TASK OBJECTIVE
Nothing but the lines from the one containing "vaulted ceiling Empty" through the one containing "A group of people", both included, should be given again, each exactly as written below.

INFORMATION SUPPLIED
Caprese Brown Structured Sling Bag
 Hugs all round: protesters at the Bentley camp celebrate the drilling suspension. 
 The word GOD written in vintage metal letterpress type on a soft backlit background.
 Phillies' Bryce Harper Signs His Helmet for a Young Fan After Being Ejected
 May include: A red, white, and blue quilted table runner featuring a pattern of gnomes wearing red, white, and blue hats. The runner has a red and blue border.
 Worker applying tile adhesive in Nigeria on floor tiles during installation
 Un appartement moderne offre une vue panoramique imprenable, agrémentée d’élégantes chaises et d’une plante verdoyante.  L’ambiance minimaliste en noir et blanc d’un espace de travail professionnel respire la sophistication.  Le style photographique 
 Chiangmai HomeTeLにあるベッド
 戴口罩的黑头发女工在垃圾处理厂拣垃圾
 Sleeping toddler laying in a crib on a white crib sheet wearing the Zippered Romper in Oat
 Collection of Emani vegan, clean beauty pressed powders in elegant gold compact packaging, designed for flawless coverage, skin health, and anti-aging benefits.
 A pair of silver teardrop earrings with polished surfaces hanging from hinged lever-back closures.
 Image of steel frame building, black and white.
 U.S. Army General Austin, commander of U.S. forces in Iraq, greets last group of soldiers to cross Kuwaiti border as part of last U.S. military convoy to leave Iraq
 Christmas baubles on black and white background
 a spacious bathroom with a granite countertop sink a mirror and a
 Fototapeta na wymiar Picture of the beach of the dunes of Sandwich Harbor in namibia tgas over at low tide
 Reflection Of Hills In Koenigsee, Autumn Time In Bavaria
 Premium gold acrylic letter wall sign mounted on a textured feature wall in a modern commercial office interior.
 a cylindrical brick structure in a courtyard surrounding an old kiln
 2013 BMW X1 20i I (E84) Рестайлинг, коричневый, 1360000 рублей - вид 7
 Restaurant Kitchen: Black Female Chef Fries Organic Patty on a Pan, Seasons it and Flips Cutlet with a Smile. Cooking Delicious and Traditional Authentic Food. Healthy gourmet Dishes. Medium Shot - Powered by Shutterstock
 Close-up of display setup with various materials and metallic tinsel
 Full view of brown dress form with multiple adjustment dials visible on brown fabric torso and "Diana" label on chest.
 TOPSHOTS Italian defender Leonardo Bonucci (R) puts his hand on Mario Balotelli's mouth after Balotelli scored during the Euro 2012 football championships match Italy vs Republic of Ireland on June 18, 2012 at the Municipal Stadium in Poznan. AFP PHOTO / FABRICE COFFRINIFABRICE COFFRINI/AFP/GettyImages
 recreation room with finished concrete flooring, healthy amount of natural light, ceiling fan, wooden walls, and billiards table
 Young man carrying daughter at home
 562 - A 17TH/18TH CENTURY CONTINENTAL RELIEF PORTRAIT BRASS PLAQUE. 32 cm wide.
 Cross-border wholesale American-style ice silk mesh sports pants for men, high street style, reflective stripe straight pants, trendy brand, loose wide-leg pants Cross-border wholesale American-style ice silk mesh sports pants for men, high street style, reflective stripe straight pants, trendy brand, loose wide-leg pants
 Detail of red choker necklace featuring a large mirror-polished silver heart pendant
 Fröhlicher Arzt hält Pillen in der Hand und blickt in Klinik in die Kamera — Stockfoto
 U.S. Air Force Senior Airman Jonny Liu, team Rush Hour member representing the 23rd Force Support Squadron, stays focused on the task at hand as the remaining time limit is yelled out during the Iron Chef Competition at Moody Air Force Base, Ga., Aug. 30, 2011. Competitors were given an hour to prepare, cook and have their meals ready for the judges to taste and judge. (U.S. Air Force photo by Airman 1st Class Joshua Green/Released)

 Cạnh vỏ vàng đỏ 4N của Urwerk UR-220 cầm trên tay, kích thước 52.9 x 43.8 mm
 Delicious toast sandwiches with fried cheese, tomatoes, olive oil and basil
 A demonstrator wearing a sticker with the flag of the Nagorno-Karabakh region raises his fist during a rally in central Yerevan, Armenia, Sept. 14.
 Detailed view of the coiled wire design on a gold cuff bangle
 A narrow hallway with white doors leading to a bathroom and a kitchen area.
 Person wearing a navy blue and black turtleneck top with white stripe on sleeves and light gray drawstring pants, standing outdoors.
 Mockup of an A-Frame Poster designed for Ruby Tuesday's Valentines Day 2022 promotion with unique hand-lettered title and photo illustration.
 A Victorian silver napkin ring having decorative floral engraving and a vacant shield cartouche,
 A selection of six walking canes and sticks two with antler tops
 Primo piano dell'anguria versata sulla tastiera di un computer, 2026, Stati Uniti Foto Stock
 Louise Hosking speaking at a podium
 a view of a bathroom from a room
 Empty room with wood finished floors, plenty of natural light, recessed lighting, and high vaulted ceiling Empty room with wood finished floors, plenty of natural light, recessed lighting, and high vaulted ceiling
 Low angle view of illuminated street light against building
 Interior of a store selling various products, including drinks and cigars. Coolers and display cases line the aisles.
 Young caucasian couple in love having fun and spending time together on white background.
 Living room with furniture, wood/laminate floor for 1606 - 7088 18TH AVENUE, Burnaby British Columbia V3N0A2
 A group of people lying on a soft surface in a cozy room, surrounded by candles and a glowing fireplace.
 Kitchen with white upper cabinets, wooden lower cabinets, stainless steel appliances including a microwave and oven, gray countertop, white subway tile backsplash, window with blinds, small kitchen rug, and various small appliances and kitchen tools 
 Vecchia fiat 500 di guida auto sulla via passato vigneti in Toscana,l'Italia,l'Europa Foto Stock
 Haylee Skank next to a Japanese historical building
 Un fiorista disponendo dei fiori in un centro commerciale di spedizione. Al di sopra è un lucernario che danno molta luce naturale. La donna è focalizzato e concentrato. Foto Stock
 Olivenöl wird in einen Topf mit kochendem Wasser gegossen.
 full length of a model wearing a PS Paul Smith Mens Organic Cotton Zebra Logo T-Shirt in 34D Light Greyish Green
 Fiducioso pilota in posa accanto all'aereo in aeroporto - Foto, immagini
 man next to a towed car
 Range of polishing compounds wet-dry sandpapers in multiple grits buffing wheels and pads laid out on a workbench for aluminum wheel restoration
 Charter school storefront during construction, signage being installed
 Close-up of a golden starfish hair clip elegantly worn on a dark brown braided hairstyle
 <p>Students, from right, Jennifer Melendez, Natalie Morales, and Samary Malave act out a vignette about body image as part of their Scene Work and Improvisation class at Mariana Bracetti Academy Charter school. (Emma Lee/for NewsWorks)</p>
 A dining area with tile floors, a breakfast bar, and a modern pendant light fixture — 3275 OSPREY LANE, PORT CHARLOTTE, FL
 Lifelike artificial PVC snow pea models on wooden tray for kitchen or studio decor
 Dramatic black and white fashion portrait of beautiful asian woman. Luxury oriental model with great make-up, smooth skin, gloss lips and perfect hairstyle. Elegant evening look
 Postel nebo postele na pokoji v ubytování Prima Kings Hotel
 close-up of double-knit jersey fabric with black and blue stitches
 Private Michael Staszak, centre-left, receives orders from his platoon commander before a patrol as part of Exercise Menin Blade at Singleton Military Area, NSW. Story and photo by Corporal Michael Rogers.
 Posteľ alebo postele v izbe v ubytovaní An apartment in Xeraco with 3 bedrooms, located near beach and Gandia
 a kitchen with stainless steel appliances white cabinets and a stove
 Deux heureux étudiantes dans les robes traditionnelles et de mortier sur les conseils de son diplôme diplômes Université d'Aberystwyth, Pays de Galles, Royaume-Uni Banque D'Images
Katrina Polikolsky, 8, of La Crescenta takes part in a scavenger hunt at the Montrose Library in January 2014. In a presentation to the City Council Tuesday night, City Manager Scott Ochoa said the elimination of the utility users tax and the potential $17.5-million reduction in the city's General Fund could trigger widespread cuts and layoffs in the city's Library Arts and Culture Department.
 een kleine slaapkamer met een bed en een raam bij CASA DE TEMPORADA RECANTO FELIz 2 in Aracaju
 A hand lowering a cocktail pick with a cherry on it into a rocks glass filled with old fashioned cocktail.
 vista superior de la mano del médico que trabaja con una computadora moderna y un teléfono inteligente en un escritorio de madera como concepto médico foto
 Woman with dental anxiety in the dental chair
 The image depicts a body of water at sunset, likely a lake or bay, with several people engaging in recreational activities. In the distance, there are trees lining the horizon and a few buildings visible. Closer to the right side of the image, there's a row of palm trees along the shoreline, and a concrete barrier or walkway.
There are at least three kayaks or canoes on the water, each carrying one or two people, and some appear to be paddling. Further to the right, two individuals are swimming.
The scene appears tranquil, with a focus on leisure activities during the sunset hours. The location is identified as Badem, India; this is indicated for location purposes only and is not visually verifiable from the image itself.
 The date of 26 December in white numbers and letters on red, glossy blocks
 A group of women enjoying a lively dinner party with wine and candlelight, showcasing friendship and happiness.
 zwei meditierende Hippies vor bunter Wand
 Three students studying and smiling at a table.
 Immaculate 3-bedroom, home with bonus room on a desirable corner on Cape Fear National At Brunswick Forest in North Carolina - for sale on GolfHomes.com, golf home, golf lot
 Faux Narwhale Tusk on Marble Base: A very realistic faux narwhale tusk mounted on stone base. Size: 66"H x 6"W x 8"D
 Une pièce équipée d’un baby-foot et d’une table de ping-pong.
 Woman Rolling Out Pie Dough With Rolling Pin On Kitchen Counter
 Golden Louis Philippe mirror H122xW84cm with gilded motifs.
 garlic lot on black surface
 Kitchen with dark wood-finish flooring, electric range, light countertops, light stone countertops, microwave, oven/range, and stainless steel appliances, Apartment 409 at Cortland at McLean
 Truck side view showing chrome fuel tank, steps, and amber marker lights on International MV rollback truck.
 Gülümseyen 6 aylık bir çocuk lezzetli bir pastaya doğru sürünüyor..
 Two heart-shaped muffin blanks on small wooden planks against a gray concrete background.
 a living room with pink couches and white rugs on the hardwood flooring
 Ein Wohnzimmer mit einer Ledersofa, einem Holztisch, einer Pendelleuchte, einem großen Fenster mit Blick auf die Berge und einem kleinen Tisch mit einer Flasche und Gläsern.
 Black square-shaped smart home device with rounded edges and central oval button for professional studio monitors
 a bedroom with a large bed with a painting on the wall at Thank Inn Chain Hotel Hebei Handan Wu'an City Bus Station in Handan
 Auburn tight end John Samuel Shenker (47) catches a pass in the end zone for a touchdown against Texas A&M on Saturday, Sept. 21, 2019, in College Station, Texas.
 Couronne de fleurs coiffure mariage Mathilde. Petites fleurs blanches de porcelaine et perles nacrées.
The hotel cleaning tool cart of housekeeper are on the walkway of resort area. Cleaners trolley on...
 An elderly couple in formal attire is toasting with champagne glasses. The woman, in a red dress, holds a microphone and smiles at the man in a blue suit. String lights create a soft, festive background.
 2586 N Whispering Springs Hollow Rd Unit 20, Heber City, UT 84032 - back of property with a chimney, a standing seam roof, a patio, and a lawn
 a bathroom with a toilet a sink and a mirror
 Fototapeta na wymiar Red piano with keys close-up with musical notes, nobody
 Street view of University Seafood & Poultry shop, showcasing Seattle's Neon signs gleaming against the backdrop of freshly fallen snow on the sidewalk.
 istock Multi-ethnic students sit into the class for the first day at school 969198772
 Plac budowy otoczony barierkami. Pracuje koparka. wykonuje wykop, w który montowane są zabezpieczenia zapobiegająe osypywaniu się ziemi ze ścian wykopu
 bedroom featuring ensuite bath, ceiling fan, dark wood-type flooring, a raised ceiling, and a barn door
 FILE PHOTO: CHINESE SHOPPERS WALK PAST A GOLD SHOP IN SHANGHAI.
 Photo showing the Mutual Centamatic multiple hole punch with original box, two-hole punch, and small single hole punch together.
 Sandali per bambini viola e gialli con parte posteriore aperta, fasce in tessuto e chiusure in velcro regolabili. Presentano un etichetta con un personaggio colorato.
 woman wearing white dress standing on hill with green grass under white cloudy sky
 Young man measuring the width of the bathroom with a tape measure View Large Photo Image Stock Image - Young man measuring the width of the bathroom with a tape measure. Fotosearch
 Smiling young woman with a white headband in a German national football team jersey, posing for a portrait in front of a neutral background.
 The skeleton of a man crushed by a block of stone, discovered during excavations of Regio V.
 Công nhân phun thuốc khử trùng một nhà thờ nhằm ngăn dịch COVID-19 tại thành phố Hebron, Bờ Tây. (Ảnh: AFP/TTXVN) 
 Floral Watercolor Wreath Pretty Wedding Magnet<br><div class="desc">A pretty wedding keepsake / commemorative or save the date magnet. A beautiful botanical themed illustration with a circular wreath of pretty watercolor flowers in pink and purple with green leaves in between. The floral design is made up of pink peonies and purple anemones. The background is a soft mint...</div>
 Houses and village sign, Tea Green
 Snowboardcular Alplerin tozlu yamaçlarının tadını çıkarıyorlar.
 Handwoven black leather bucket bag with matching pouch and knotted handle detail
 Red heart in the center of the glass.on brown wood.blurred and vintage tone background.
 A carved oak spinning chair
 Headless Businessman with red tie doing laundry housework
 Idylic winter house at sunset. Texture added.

RESPONSE TO THE EXERCISE
 Empty room with wood finished floors, plenty of natural light, recessed lighting, and high vaulted ceiling Empty room with wood finished floors, plenty of natural light, recessed lighting, and high vaulted ceiling
 Low angle view of illuminated street light against building
 Interior of a store selling various products, including drinks and cigars. Coolers and display cases line the aisles.
 Young caucasian couple in love having fun and spending time together on white background.
 Living room with furniture, wood/laminate floor for 1606 - 7088 18TH AVENUE, Burnaby British Columbia V3N0A2
 A group of people lying on a soft surface in a cozy room, surrounded by candles and a glowing fireplace.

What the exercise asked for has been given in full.